The cost model is of course an approximation of reality. It can't exactly predict how the hardware will behave, especially as the devices themselves show dynamic performance deviations over time. The controller adapts to the situation by scaling the total command issue rate according to the Quality-of-Service (QoS) parameters: The latency targets and vrate bounds. The following parameters are configured in /sys/fs/cgroup/io.cost.qos.

  • rpct - Read latency percentile to use
  • rlat - Read target latency
  • wpct - Write latency percentile to use
  • wlat - Write target latency
  • min - vrate bound minimum
  • max - vrate bound maximum

The latency targets determine when the controller considers the device fully saturated. For example, rpct=95 and rlat=5000 means that if the 95th percentile of read completion latency is above 5ms, the device is at capacity and command issuing should be throttled.

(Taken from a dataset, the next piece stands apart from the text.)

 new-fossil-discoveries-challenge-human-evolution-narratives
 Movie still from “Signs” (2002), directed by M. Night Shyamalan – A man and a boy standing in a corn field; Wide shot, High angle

The Quality-of-Service(QoS) parameter, vrate bounds express the percentage range of how much the device may be throttled up and down to meet the latency targets. For example, a range of 50% - 125% tells the controller to adjust maximum command issue rate between half and 1.25x of what would add up to 100% according to the cost model parameters. If the rbps is 400MBps and the workload is only doing sequential read, depending on the completion latency, the iocost controller will allow issuing between 200MBps and 500MBps.

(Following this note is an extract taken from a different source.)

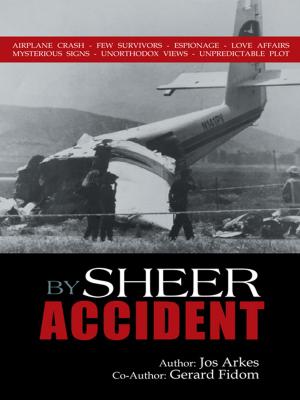 Cover of the book By Sheer Accident by ROBERT J. GOSSETT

The QoS parameters are affected by both the device itself and, to a lesser extent, the requirements of the workloads. In most cases, a device's latency response graph has a point where latency takes off. The device is already saturated and adding more concurrent commands increases the latency. Setting target latencies around that point is one way to configure the QoS parameters.

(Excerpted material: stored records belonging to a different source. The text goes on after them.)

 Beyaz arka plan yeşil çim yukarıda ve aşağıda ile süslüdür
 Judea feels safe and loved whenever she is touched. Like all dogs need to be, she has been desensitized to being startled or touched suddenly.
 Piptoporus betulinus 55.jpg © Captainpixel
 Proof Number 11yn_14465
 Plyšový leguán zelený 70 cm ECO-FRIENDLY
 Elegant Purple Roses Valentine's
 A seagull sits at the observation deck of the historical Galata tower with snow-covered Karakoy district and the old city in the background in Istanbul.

Another interesting aspect is that the vrate range can guide the underlying device. For example, some SSDs can complete a lot of writes at a very high speed for a short time and then go into a semi-comatose state, failing to complete other commands for hundreds or even thousands of milliseconds. While such bursts might look good on simple short benchmarks, they don't bring a lot of practical benefits and are detrimental to any latency-sensitive workloads, which may end up getting hit by the following stalls. iocost can avoid such irregularities by limiting vrate max close to 100% so that no matter how quickly the device signals write completion, the system never issues more than it can sustain. There are also SSDs that show significantly raised latencies for a while no matter how few IOs are thrown at it, likely during a certain phase of garbage collection. In such cases, scaling down the command issue rate further doesn't gain anything while losing the total amount of work. The vrate min bound can protect against such temporary extreme cases.

These are a lot of numbers to configure, but they're, for the most part, device model specific. In the future, we're hoping to build a database with known devices and their parameters so that they get configured automatically.

The Benchmark

/var/lib/resctl-demo/misc-bin/iocost_coef_gen.py runs as rd-bench-iocost.service and determines both the cost model and QoS parameters.

The QoS parameters are calculated as 4 times the random IO completion latency at 90% load,, and the vrate range is between 25% and 90%. The formulas are derived empirically to achieve reliable demo behavior across various devices and may not be optimal for other use cases.

Once the benchmarks are complete, the demo recors the results in /var/lib/resctl-demo/bench.json and propagates to /sys/fs/cgroup/io.cost.model and /sys/fs/cgroup/io.cost.qos. If you edit the file, demo updates the kernel configurations accordingly.

You can re-run and cancel hashd benchmark by clicking the Toggle iocost benchmark button.